• What you are asked to do: Nothing but the lines from the start of the entries through the line holding "A-frame home with" is to be repeated, exactly and with pictures excluded.
*** Data provided ***
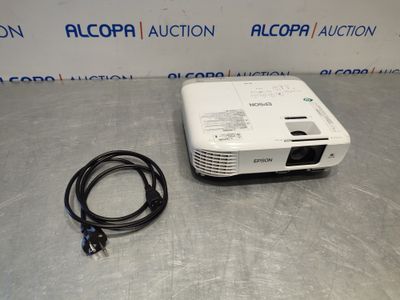 a white projector sitting on top of a table next to a cord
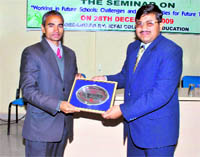 The chief guest (right) being honoured at a seminar held at ICFAI University in Dehradun on Monday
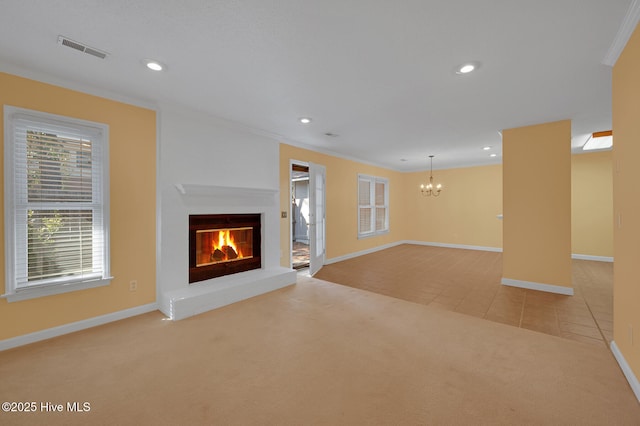 unfurnished living room with light tile patterned floors, visible vents, an inviting chandelier, a brick fireplace, and light carpet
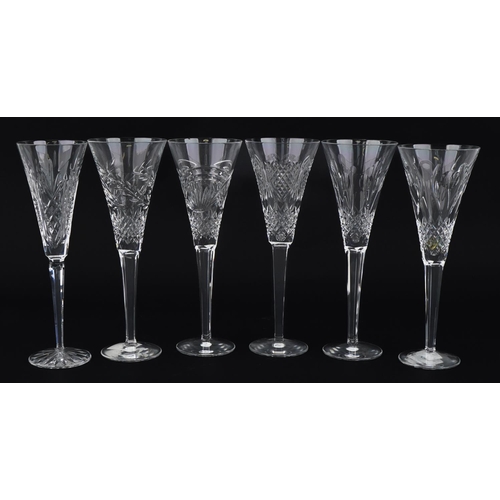 1097 - Six Waterford Crystal toasting flutes housed in celebration boxes, the largest 26cm high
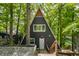 A-frame home with white door, dark siding, and surrounded by lush trees at 7207 Grouper Dr, Nineveh, IN 46164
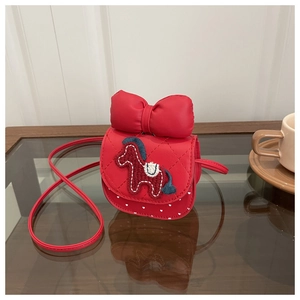 Close-up of red mini crossbody bag with a large bow and cute pony embroidery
*** End of Data provided ***
• Result for this task:
 a white projector sitting on top of a table next to a cord
 The chief guest (right) being honoured at a seminar held at ICFAI University in Dehradun on Monday
 unfurnished living room with light tile patterned floors, visible vents, an inviting chandelier, a brick fireplace, and light carpet
 1097 - Six Waterford Crystal toasting flutes housed in celebration boxes, the largest 26cm high
 A-frame home with white door, dark siding, and surrounded by lush trees at 7207 Grouper Dr, Nineveh, IN 46164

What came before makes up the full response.